Faure da Rosa, Nós e os outros

Publicado em 1979, Nós e os outros, de Faure da Rosa, passa-se num curto espaço de tempo, quatro dias de uma semana de Maio de 1973. Bernardo, o narrador, conta, num tempo já bem posterior e demarcado no calendário político do país, a sua vida quotidiana nesses dias em que a ditadura entrara em pleno, embora não visível, estertor. A obra é cruzada pela tensão entre duas linhas narrativas. Por um lado, a preocupação com a análise de um certo tipo de família burguesa. Por outro, a questão do compromisso político, de um compromisso com o único partido que, apesar da sua ideologia materialista e ateia, tem qualquer coisa de efectivamente religioso. Aliás, essa ligação devocional ao partido surge várias vezes na narrativa, sugerindo-se, por vezes, quase uma ligação a um corpo místico. A tensão desenha-se, deste modo, entre o cosmos da vida privada, uma vida real e efectiva, e o da vida pública, mais sonhada e desejada do que autêntica.

Em busca de um filho na noite lisboeta, o narrador, de 64 anos, acaba por encontrar Carol, uma jovem, na casa dos 20 anos, sexualmente caridosa com velhos e rejeitados, que o provoca. Acabam por se envolver eroticamente. É a partir desta deriva extraconjugal, que as relações familiares vão sendo exploradas. Uma vida inteira ao lado de Luci, dois filhos, e, de súbito, a figura da mulher surge a uma outra luz. Torna-se enigmática, obscura. Esta obscuridade provém, contudo, da própria mentira que esconde a infidelidade. Na verdade, há em Bernardo uma ânsia em ser descoberto, um desejo de ver a situação revelada, uma necessidade de confissão, como se isso pusesse um ponto final ao desvario. É o facto de Luci não se dar conta da situação, ou de não deixar transparecer que a pressente, que a torna obscura aos olhos do marido, como se ele supusesse o casamento, depois de uma vida inteira lado a lado, um lugar da mais pura transparência. O que preocupa, todavia, Luci não é o marido e os eventuais desvarios eróticos, mas o filho mais novo que desapareceu. Tendo-se radicalizado politicamente, participado em acções de natureza terrorista contra o regime, acaba por sair do país.
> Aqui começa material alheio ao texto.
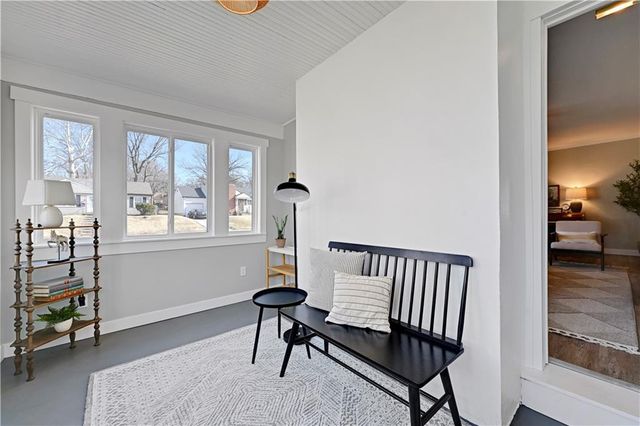 7300 Tracy Avenue, Kansas City, MO 64131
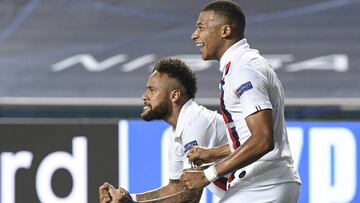 Neymar y Mbappé, en un partido del PSG.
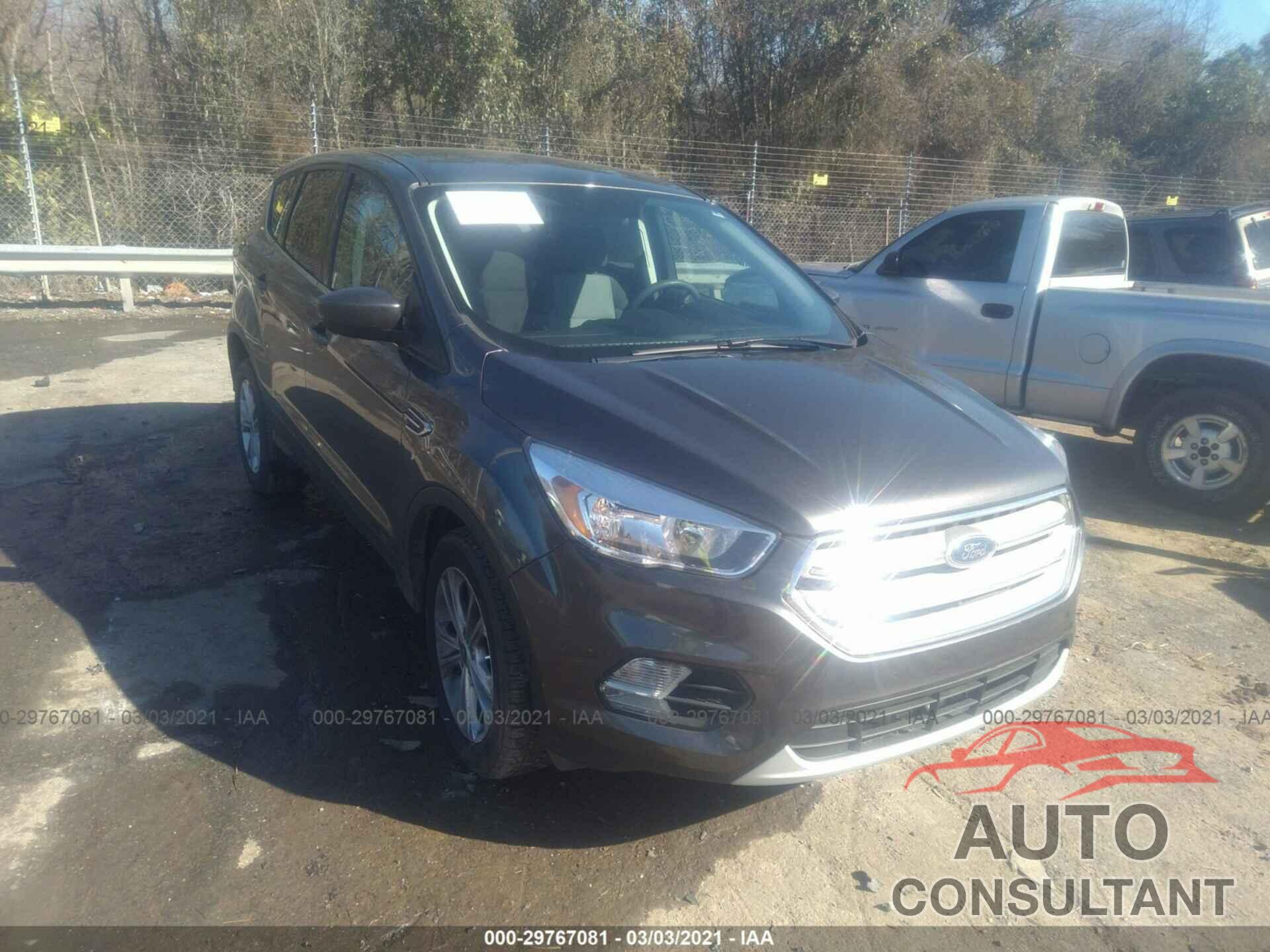 FORD ESCAPE 2017 - 1FMCU0GD3HUA40695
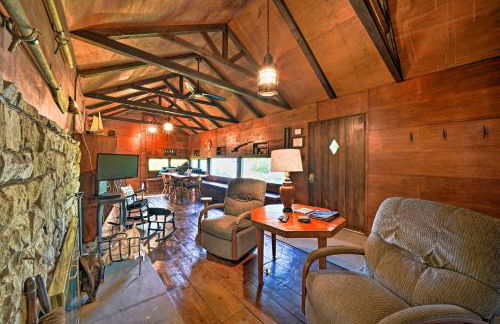Custom-Built Lakefront Cottage with Spacious Yard! - Foto 3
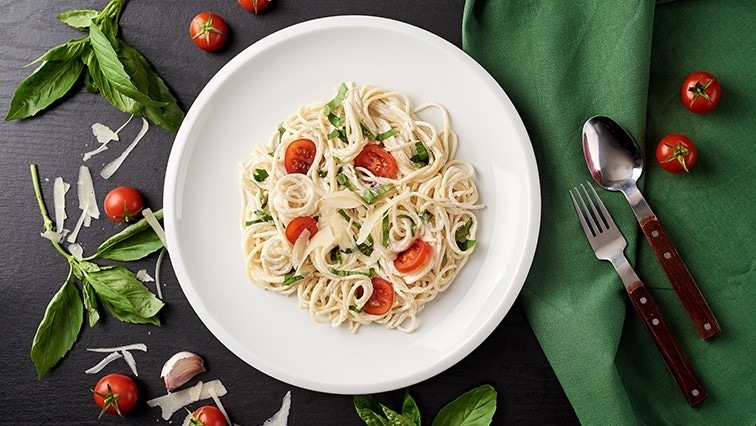 Spagetti bazsalikomos szósszal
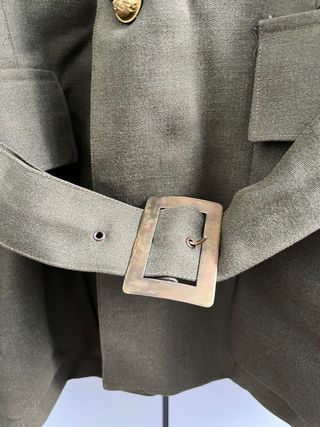 Traje militar antiguo con insignias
O romance não espreita apenas para dentro desta família. Olha as relações entre Antonieta, irmã do narrador, e César, um professor universitário que, na juventude, militou na oposição, mas que, com o passar dos anos e da carreira, se foi tornando complacente com o regime, se não mesmo defensor. É a figura negra do romance, aquele que tanto Bernardo como os filhos – Nuno, o fugitivo, e Paulo – não suportam, embora ele tenha diligenciado, no âmbito da vida profissional e pessoal destes, várias vezes em favor do cunhado e dos sobrinhos. É uma personagem quase estereotipada, o vilão da história, aquele que Bernardo se revê como um negativo e perante o qual se sente múltiplas vezes derrotado. A tensão dentro desse casal cresce motivada pela própria política, pela fidelidade de Antonieta aos ideais comunistas de Bernardo e dos outros irmãos já mortos e pelo desprezo de César por esse mundo. Também o casal Paulo e Gabi é observado e questionado pelo narrador. Paulo é o filho perfeito, o homem que, apesar de ter uma carreira profissional, se comprometeu com o partido e a luta contra a o regime. Todavia, é estéril. Bernardo teme que a nora acabe por ceder a uma forte inclinação amorosa pelo outro filho, pelo carácter aventureiro e radical deste.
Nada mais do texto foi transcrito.